Mr Trump hit back at Mr Ryan, the Republican vice-presidential candidate in 2012, who has frequently been critical of him. "Paul Ryan should spend more time on balancing the budget, jobs and illegal immigration and not waste his time on fighting Republican nominee," he wrote on Twitter.

Many Republican members of Congress are concerned that Mr Trump's chaotic campaign could ruin their chances of holding their majorities in the House of Representatives and Senate in the November election and could inflict long-term damage on the party.

During a weekend dominated by criticism of Mr Trump over the lewd remarks, a string of members of Congress, governors and other prominent Republicans called on him to drop out of the race.

House Republicans gave Mr Ryan a rough ride on the call, according to some participants. "There was an undeniable opposition to the speaker's tepid support of our nominee," said US Representative Scott DesJarlais, a Trump supporter, in a comment passed on by an aide.

Many other lawmakers, some of whom did not want to be named publicly criticising the speaker, said members frequently told Mr Ryan on the call to stand by Mr Trump.

Nonetheless, nearly half of all 331 incumbent Republican senators, Congress members and governors have condemned Mr Trump's remarks, and roughly one in 10 has called on him to drop out of the race, according to a Reuters review of official statements and local news coverage.

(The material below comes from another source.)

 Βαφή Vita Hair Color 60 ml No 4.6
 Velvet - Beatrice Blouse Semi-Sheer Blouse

Republican National Committee Chairman Reince Priebus used an afternoon conference call with RNC members to emphasize there was no rift with Mr Trump and that the committee, the party's leadership and fundraising arm, still backed the nominee, two RNC members who spoke on condition of anonymity said.

RNC STILL ON BOARD

"Any suggestion that the RNC isn't fully supporting the Trump-Pence ticket is wrong," one RNC member said, describing the message. "We are fully on board. We are going to devote every ounce of effort and resource into helping the Trump-Pence ticket win and all the other candidates up and down the ballot."

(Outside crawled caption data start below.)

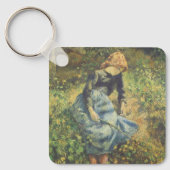 Shepherdess van Camille Pissarro,  Kunst Sleutelhanger (Voorkant)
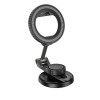 Автотримач для телефона HOCO H77 View folding magnetic ring car holder (center console) Black Metal Gray (Black Metal Gray)- № 6
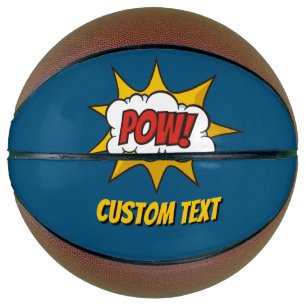 Pow Comic Sound Effect Basketball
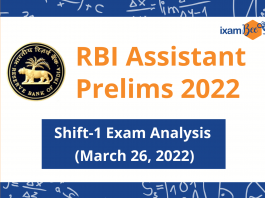 RBI Assistant Prelims Exam Analysis 2022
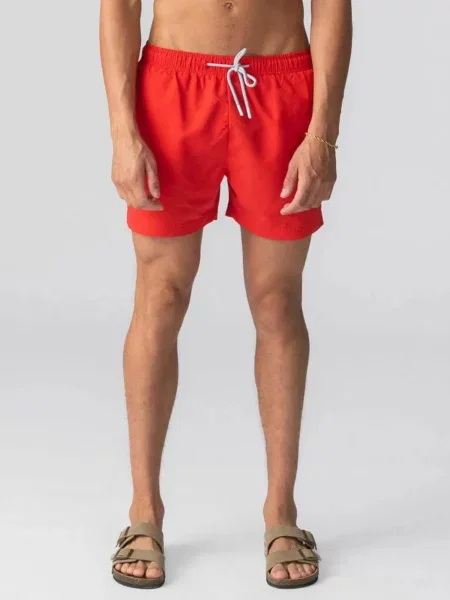 TEESHOPPEN Șorturi de baie Swimshorts roșu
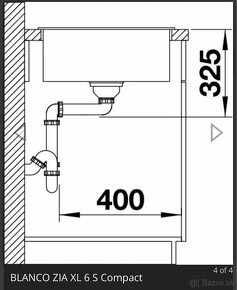 Kuchynský drez BLANCO ZIA XL 6 S Compact - 8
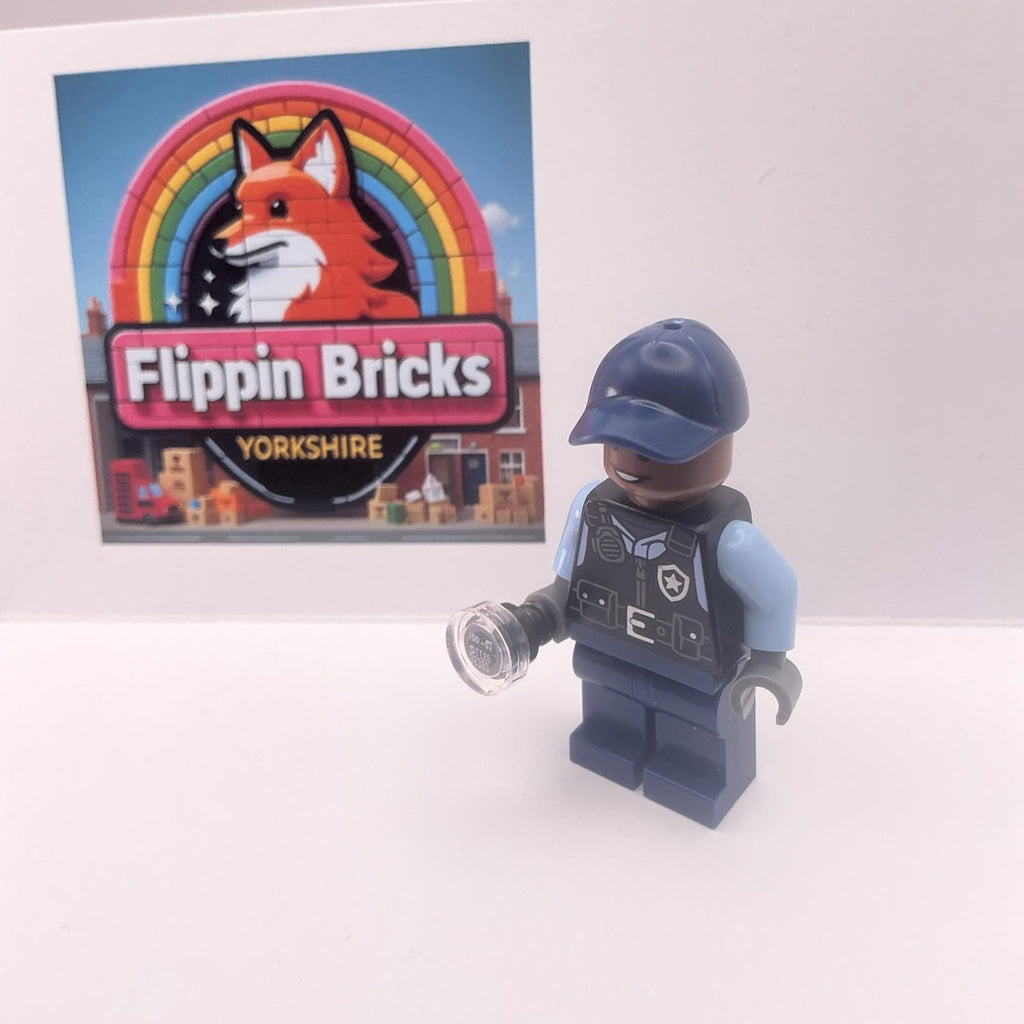 Lego Mini Figure SH 1087 - Female Security Guard - New & Genuine From Set 76300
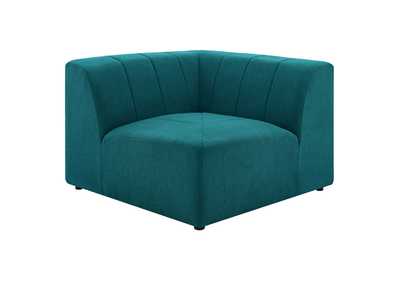 Image for Teal Bartlett Upholstered Fabric Corner Chair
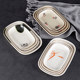 10 packs of melamine rice noodles with special plastic plate hot pot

Any attempt to replace Trump on the ballot this close to Election Day would face huge legal and logistical hurdles.

A defiant Trump went on the offensive in a vicious presidential debate on Sunday, saying Mrs Clinton, a former secretary of state, would go to jail if he were president and attacking her husband, former President Bill Clinton, for his treatment of women.

The debate, the second of three before the vote, was remarkable for the brutal nature of the exchanges between the two.

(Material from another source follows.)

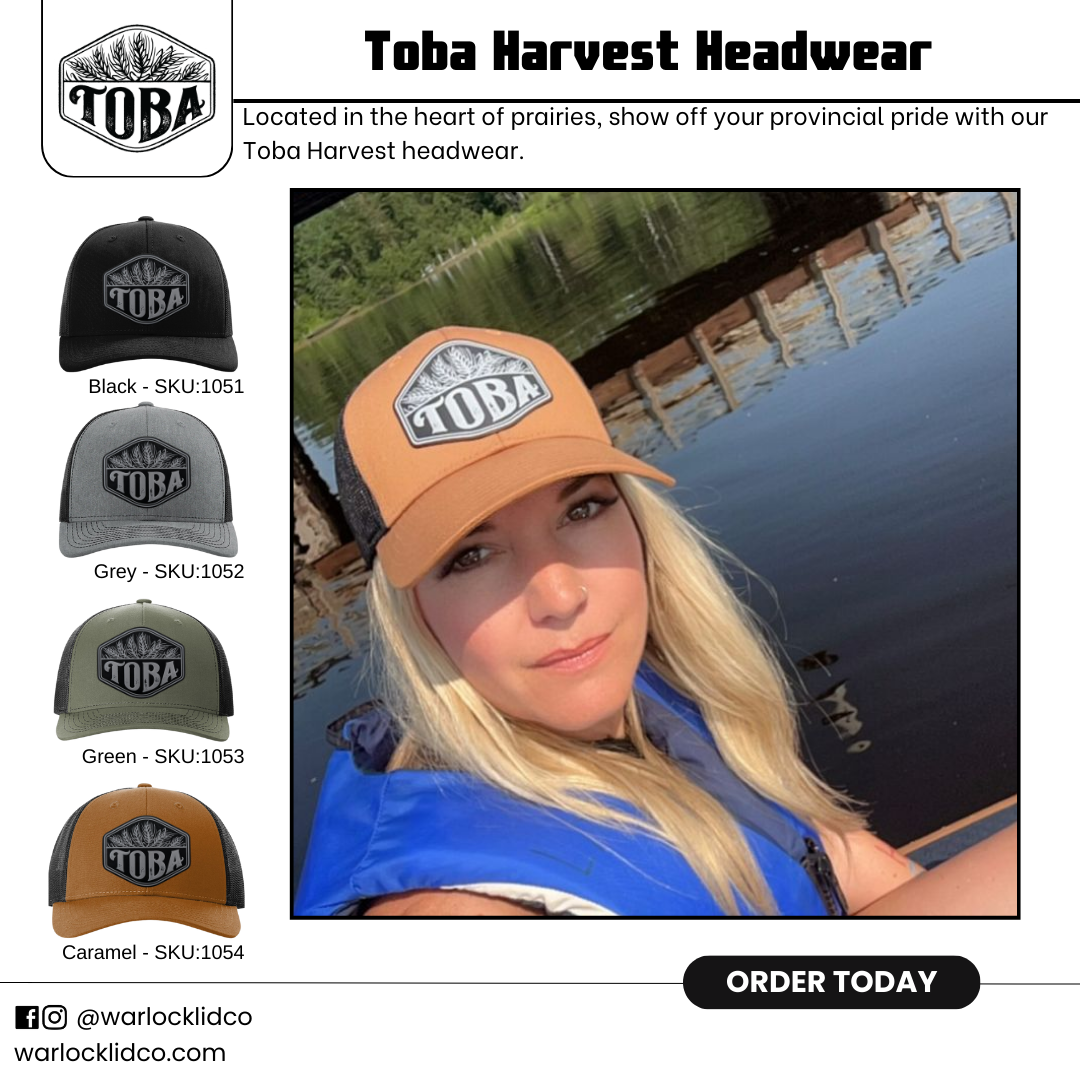 Toba Harvest Snapback Hats  | Warlock Lid Co | Adjustable Cap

Mr Trump stayed on the attack on Monday, describing Mr Bill Clinton as "a predator" and saying: "If they want to release more tapes saying inappropriate things, we'll continue to talk about Bill and Hillary Clinton doing inappropriate things. There are so many of them."

"She goes out and says: 'I love women, I'm going to help women.' She's a total hypocrite," he told supporters in Ambridge, Pennsylvania.

Mrs Clinton accused Mr Trump of brushing off criticism of his comments about women. "On Friday, the whole world heard him talking about the terrible way he treats women. And last night when he was pressed about how he behaves, he just doubled down on his excuse that it's just locker room banter," she told a rally at Wayne State University in Detroit.

The television audience for the debate fell sharply from their first, record-breaking encounter in September.

Nielsen data supplied by CNN for 10 broadcast and cable channels on Monday showed that 63.6 million Americans tuned into the 90-minute debate on Sunday, well below the record 84 million that watched the first face-off.

An NBC News/Wall Street Journal opinion poll released on Monday showed Mrs Clinton increasing her lead. The survey, conducted after the video release but before the debate, showed Mrs Clinton with 46 per cent support among likely voters in a four-way matchup including two minor party candidates, compared with 35 per cent for Mr Trump.

The Reuters/Ipsos State of the Nation project released on Monday estimated that Mrs Clinton had at least a 95 per cent chance of winning the 270 Electoral College votes needed to become president. The polling did not capture reaction to Mr Trump's performance in Sunday's debate or the release of the Friday videotape.